[Recorded information]:

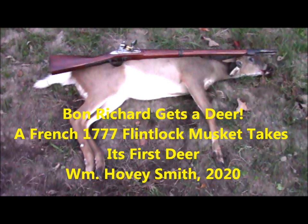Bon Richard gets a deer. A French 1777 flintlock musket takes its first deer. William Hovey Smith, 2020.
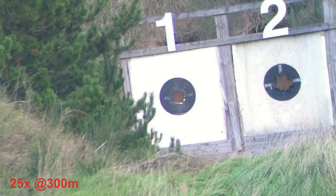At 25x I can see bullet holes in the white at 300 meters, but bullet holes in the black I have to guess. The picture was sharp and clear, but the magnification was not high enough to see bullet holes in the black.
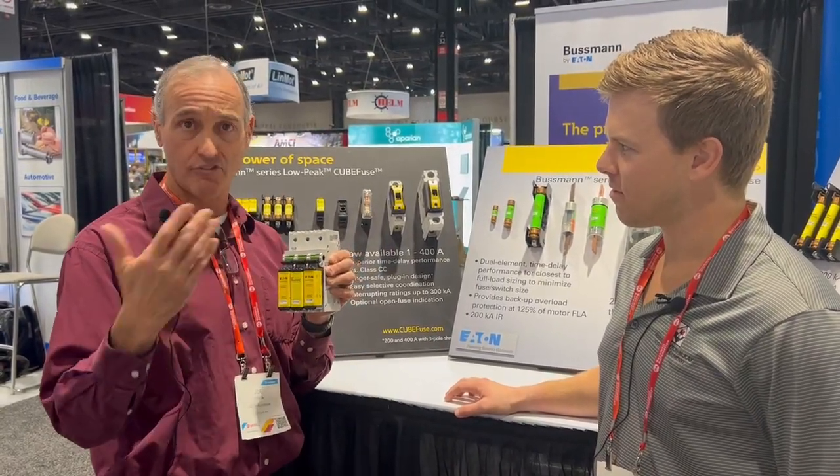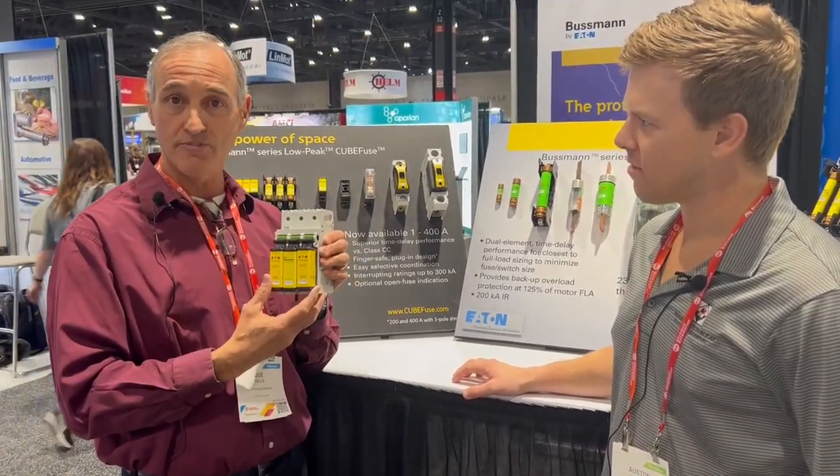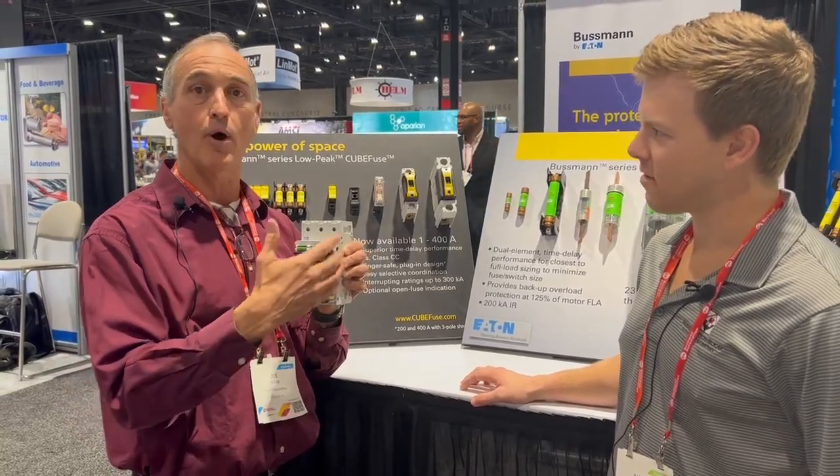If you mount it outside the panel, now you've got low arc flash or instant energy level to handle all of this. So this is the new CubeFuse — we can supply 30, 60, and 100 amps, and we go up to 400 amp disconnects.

[Exercise]: A word-for-word retyping of the material above is expected, without pictures.

[Response]:
Bon Richard gets a deer. A French 1777 flintlock musket takes its first deer. William Hovey Smith, 2020.
At 25x I can see bullet holes in the white at 300 meters, but bullet holes in the black I have to guess. The picture was sharp and clear, but the magnification was not high enough to see bullet holes in the black.
If you mount it outside the panel, now you've got low arc flash or instant energy level to handle all of this. So this is the new CubeFuse — we can supply 30, 60, and 100 amps, and we go up to 400 amp disconnects.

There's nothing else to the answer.